By Professor EDWIN G. DEXTER,

UNIVERSITY OF ILLINOIS

THAT the game of football as played at our schools and colleges is in ill repute with the people as a class, no one who keeps at all abreast of the times can deny. Nor can it be denied that there are many good reasons for the feelings of general disapproval. The game, in common with other athletic pursuits, puts an undue premium upon certain human (or inhuman) characteristics which are altogether at variance with the highest ideals of the institutions which maintain it. It has too, in some instances, established relations that are to be regretted with professional interests and professional methods. It has, through its immense popularity and consequent tremendous gate receipts, given rise to financial problems that are not easy of solution, and it is, according to the newspaper, seemingly excessively dangerous to life and limb. In spite of the gravity of the other deplorable features of the game, we can hardly doubt the present wide-spread revulsion of popular feeling is due most largely to the last mentioned cause, for it is the one most prominently before the people. The others are treated in an academic way in occasional articles and editorials which are read by comparatively few people, but during the football season no reader of the daily papers can fail to be impressed with the great number of news items, each relating to some fatality or instance of serious injury on the gridiron. Hardly a Sunday issue of any of our principal city dailies has appeared during the past football season without including from three to a dozen or even more of such paragraphs till one was led to wonder whether any of our pig-skin warriors would survive the campaign. So much at variance were these reports with prevailing sentiment and conditions in a few football quarters with which I was personally familiar that I was led at the close of the last football season to endeavor to find out whether the report fitted the facts more exactly in others. This I did by writing personal letters to all those reported 'seriously injured' in a number of the leading daily newspapers of the country. Each letter specified the particular injury reported, as well as the date of the game and asked the following questions:

1. Were you in good training?
2. How much time did you lose from school work because of the injury?
3. Have you entirely recovered?
4. Is there any probability that the injury will prove permanent?

In all 135 letters were sent out: 78 to players upon college teams; 39 upon public school teams—mostly high school—and 13 to players upon athletic-clubs and other unclassified teams.

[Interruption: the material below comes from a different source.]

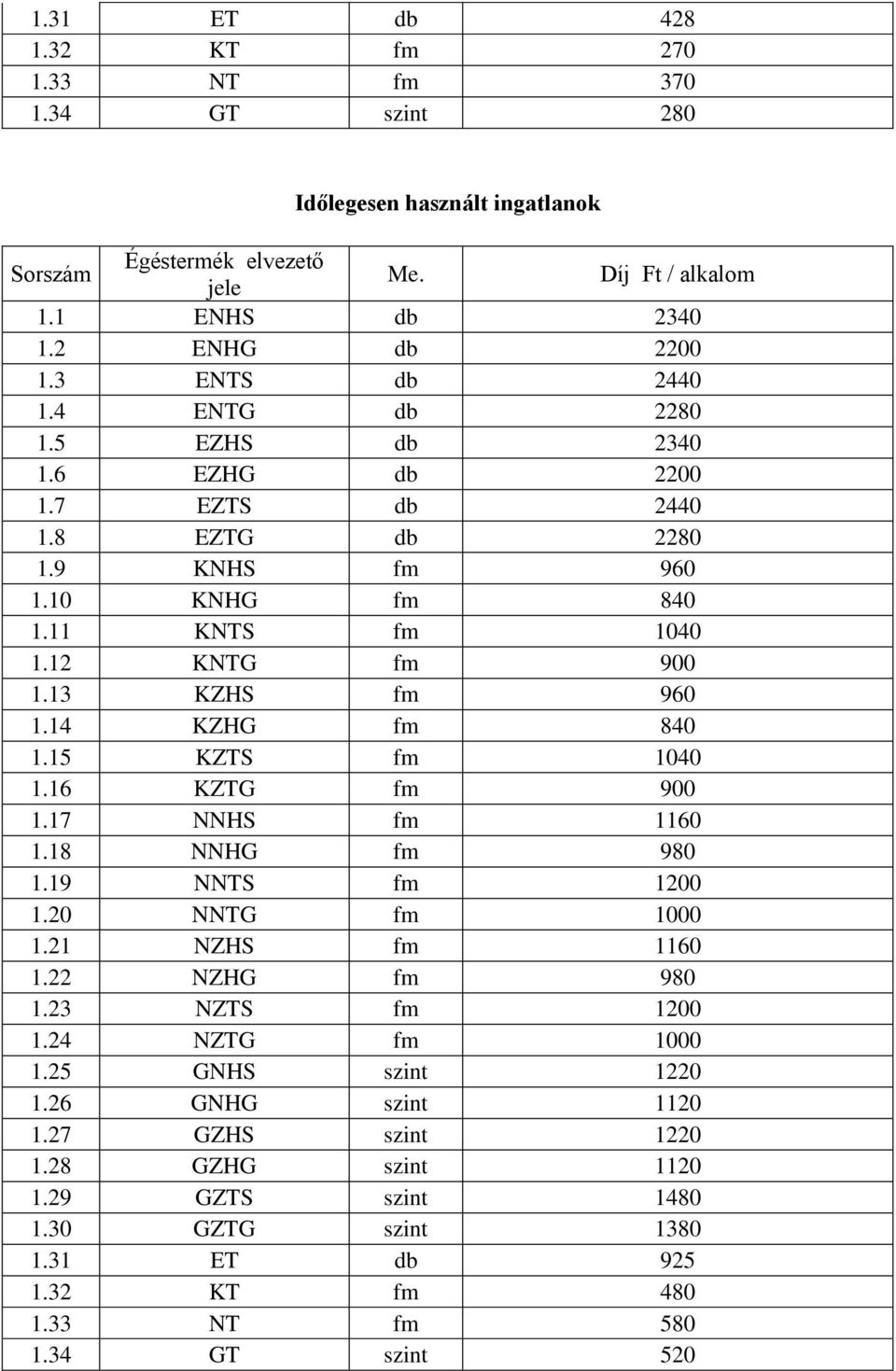 14 KZHG fm 840 1.15 KZTS fm 1040 1.16 KZTG fm 900 1.17 NNHS fm 1160 1.18 NNHG fm 980 1.19 NNTS fm 1200 1.20 NNTG fm 1000 1.21 NZHS fm 1160 1.22 NZHG fm 980 1.23 NZTS fm 1200 1.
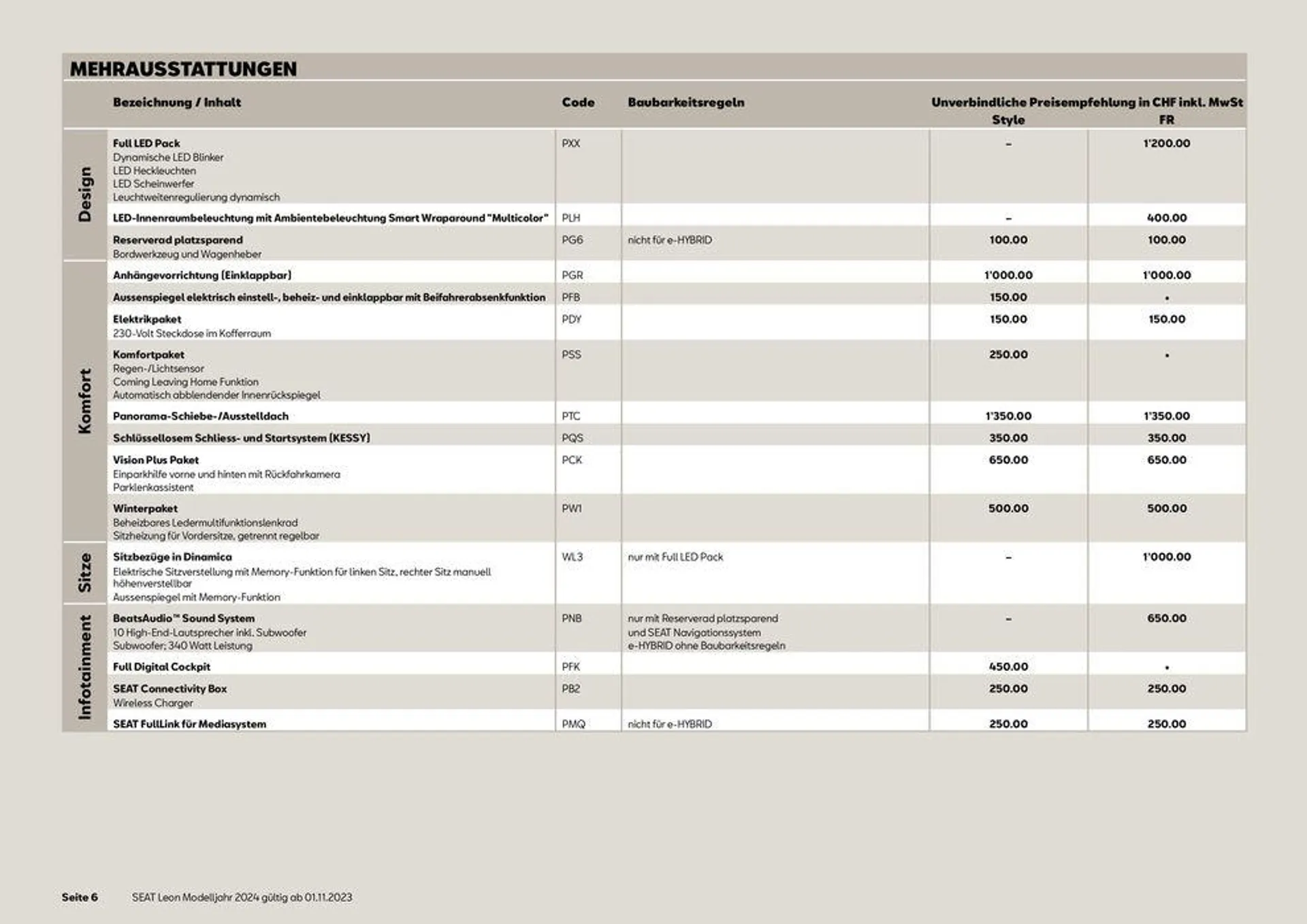 SEAT Leon von 13. November bis 31. Dezember 2024 - Prospekt seite  6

Before discussing the particular replies to the letters, I wish to say that I recognize fully that in appealing for information to football men I am going to interested witnesses for testimony. If these men had not been partizans of football they would not have played the game and consequently would not have been injured. Yet the questions are largely those of fact and not of mere opinion, and I doubt if we should in any important way impeach their testimony. I recognize, too, a possible basis for criticism in my making the loss of time from class work the criterion for judging the seriousness of the injury suffered. It is probably true that one might meet with serious or even ultimately fatal mishap on the football field without immediate incapacitation for classroom work. Yet such cases would be in all probability exceedingly rare, and the question of class-absence taken in connection with the next two questions would seem to be sufficiently conclusive. If one had lost no time from an injury which at the time of answering the query—some weeks later—was entirely recovered, it would seem as if the injury was of no great consequence. Certain it is that no interference with the main aim of college life, i. e. study, had been suffered. The only other sufficiently definite criterion for the measure of the injury would be that of enforced absence from football practise. This does not seem to me to be as fair a basis of judgment as the other, since it means to measure the perfection of physical condition not by an ordinary, but by an extraordinary, physical stress. It would also involve the problem of saving a man for a particular game rather than keeping him out purely and simply because of the injury, and would thus tend to introduce error.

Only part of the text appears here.